But as I munched on my first bites, it wasn’t Montreal that I remembered. Instead, it was a wedding in Ireland in 1998, the year after I graduated from McGill. One of the guests had flown in from Montreal, hauling two dozen bagels that she’d picked up from Fairmount Bagel on the way to the airport, at the request of the groom. Until that moment, I’d never realized the fervour that Montreal-style bagels inspired in their fans. In fact, though I was embarrassed to admit it, I hadn’t even bothered to try a Montreal-style bagel during my four years in the city. So, carefully setting aside my groomsman’s top hat and spreading napkins over my tuxedoed lap, I leaned into my first bite with anticipation.

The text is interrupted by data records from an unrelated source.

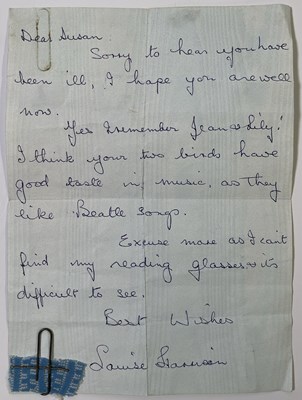 Lot 336 - THE BEATLES - LOUISE HARRISON HANDWRITTEN LETTER - SEPTEMBER 1966.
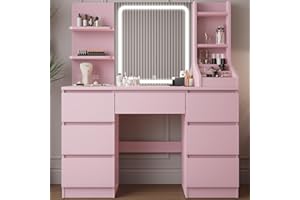 TRIUMPHKEY Toeletta da Trucco con Luci LED,Postazione Trucco,Toletta con Specchio,Tavolo da Trucco on 4 Ripiani,7 Cassetti e 3 Scomparti Aperti,Moderna (Rosa)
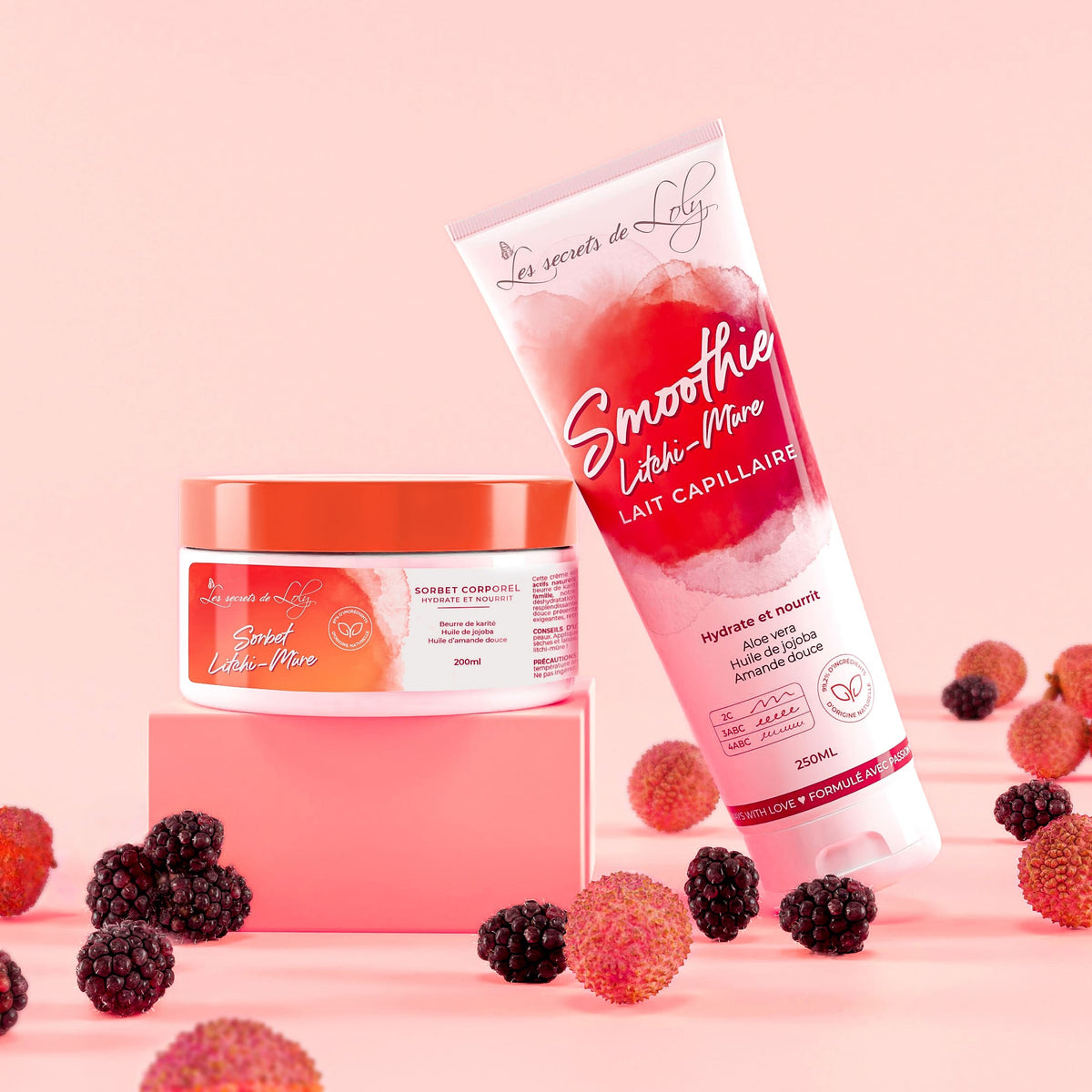 Duo Fruité Litchi-Mûre - Smoothie cheveux & Sorbet corps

The problem, as Maria Balinka points out in her 2008 book The Bagel: The Surprising History of a Modest Bread, is that “a traditionally made bagel is past its prime after a mere five hours.” At Fairmount and St-Viateur, the duelling titans of Montreal bageldom, the bagels are hand-rolled and cooked in wood-fired ovens that stay hot 24 hours a day, 365 days a year—and when they emerge, they’re ready to eat right then and there. Stick them on a plane to Dublin or ferry them by train to Toronto, and that ephemeral moment of perfection, when the crisp outer sheen and soft, chewy centre are balanced in perfect harmony, has passed. In the blink of an eye, they’re stale.

As a result, my Irish initiation left me a skeptic about Montreal-style bagels. Too dry, too dense, no raisins (forgive me, purists). But in the years since then, I heard again and again that I couldn’t possibly form a proper judgment until I’d tasted one directly from the source. So, on a three-day trip to the city last November, I resolved to check it out. The freebie on the train was just a teaser; I wanted to try one still warm from the oven.

Fresh Fairmount Bakery bagels
Fresh bagels at Fairmount Bagel Bakery in Montreal. (Photo: Chris Goldberg/Flickr [CC BY-NC 2.0])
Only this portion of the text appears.